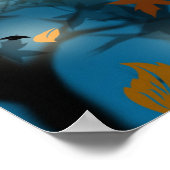 ‚Molly Harrison Illustrations‘ Poster (Ecke)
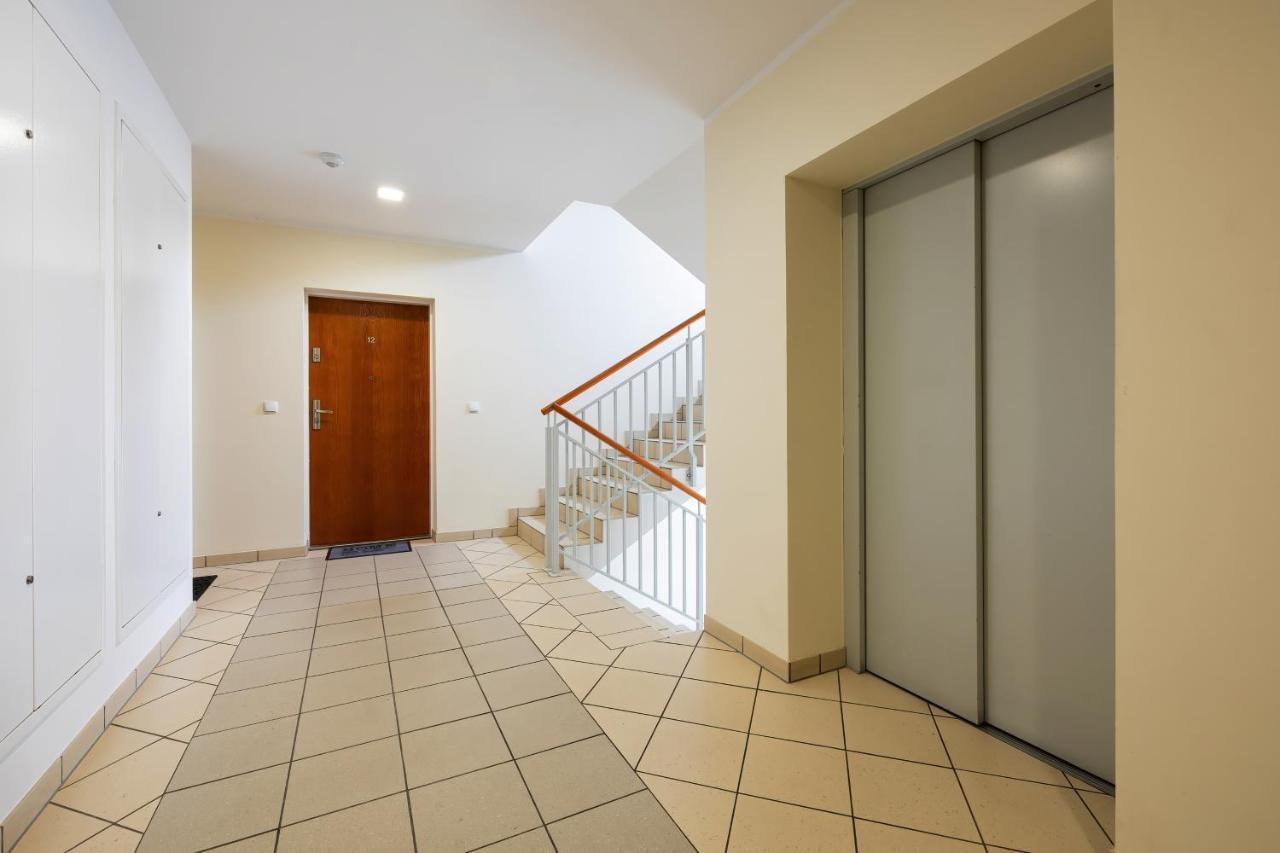 Apartament Swinemuende Platan Swinoujscie Platan Zewnętrze zdjęcie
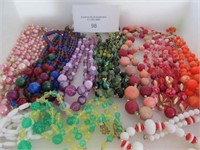 VINTAGE MULTI-STRAND NECKLACES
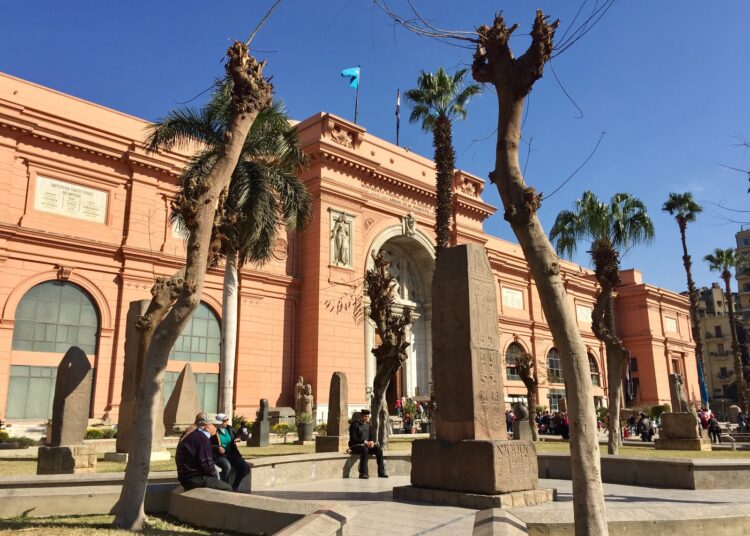 British website sheds light on 5 fascinating Egyptian museums 1 - Egyptian Gazette Egyptian Museum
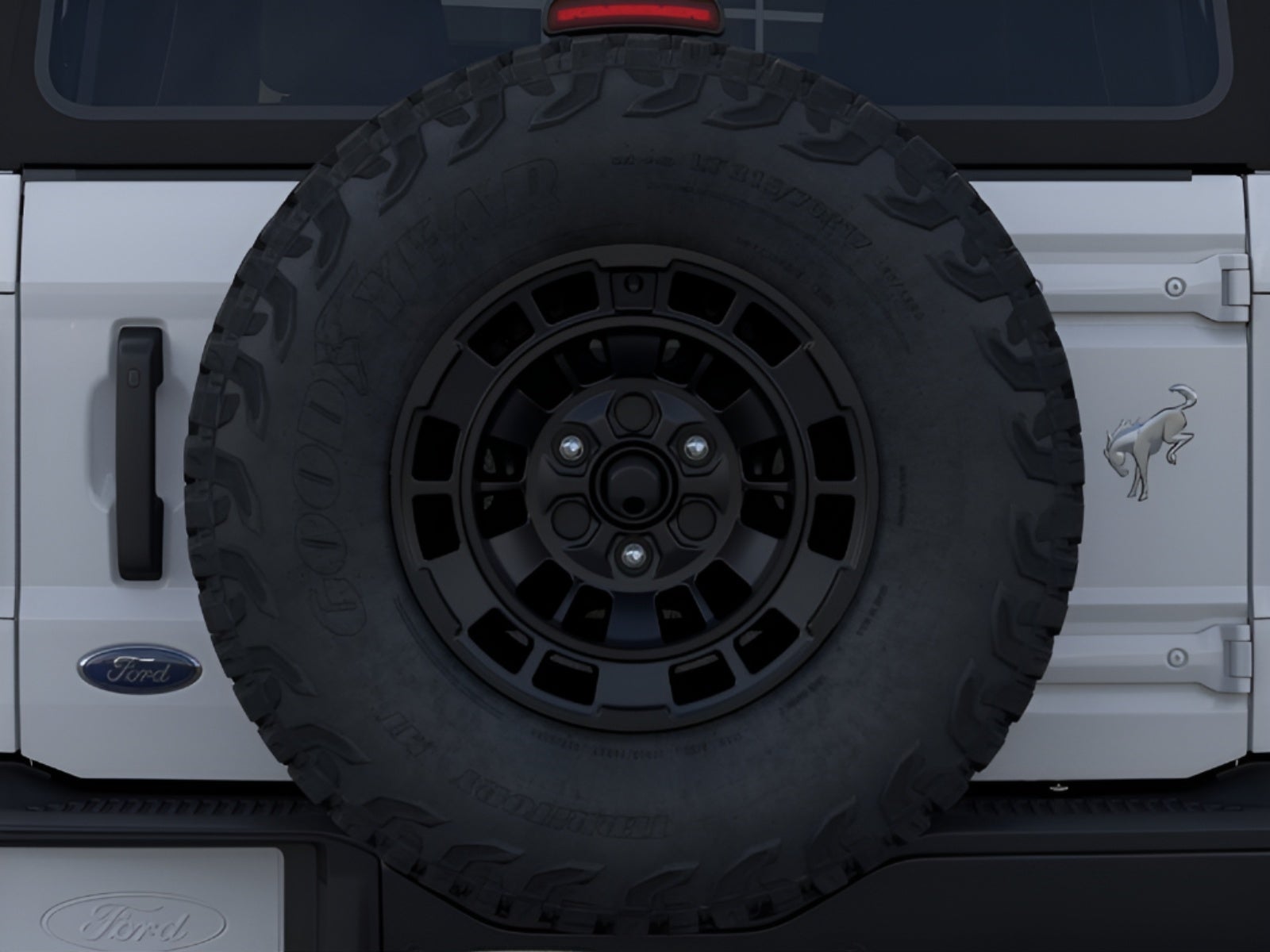 2026 Ford Bronco Big Bend 4 Door 4x4
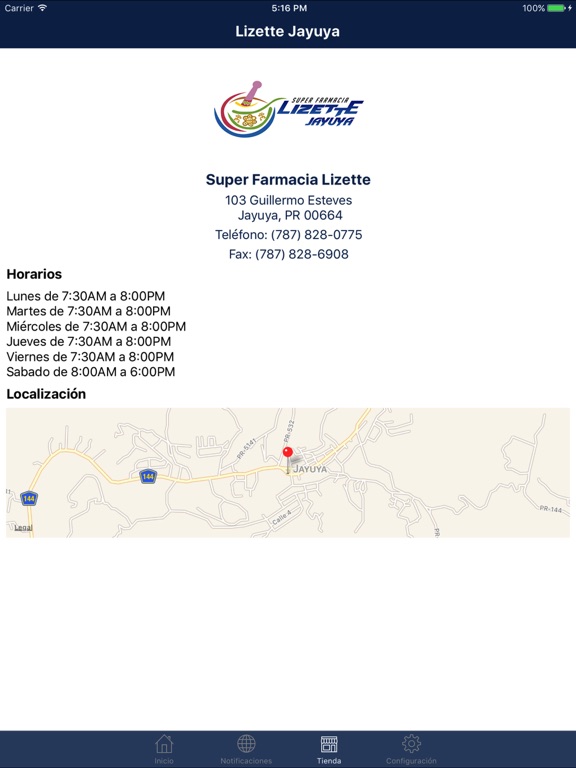 Screenshot #5 pour Super Farmacia Lizette Jayuya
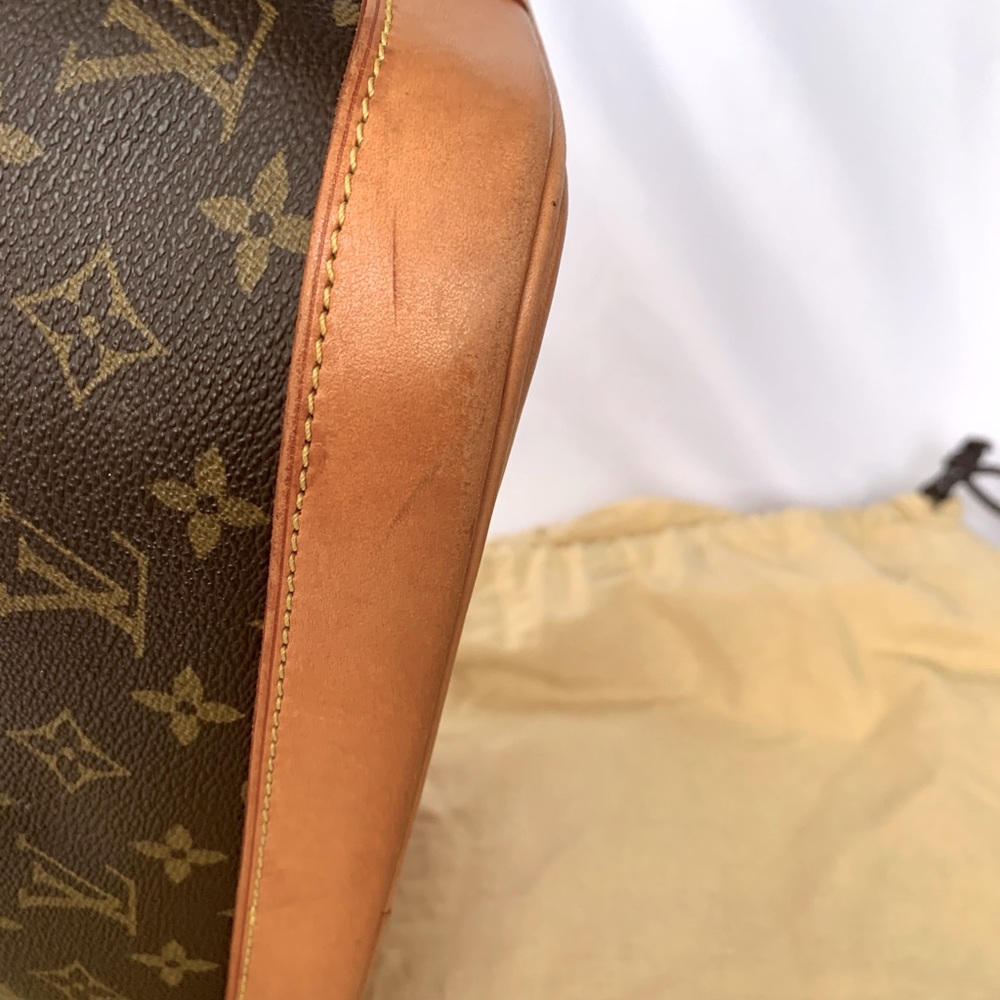 ❤️❤️SOLD❤️❤️Louis Vuitton Alma mono PM - Picture 5 of 14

Instructions for the task
Could you return the listing above exactly, minus its pictures?

Task result
 ‚Molly Harrison Illustrations‘ Poster (Ecke)
 Apartament Swinemuende Platan Swinoujscie Platan Zewnętrze zdjęcie
 VINTAGE MULTI-STRAND NECKLACES
 British website sheds light on 5 fascinating Egyptian museums 1 - Egyptian Gazette Egyptian Museum
 2026 Ford Bronco Big Bend 4 Door 4x4
 Screenshot #5 pour Super Farmacia Lizette Jayuya
 ❤️❤️SOLD❤️❤️Louis Vuitton Alma mono PM - Picture 5 of 14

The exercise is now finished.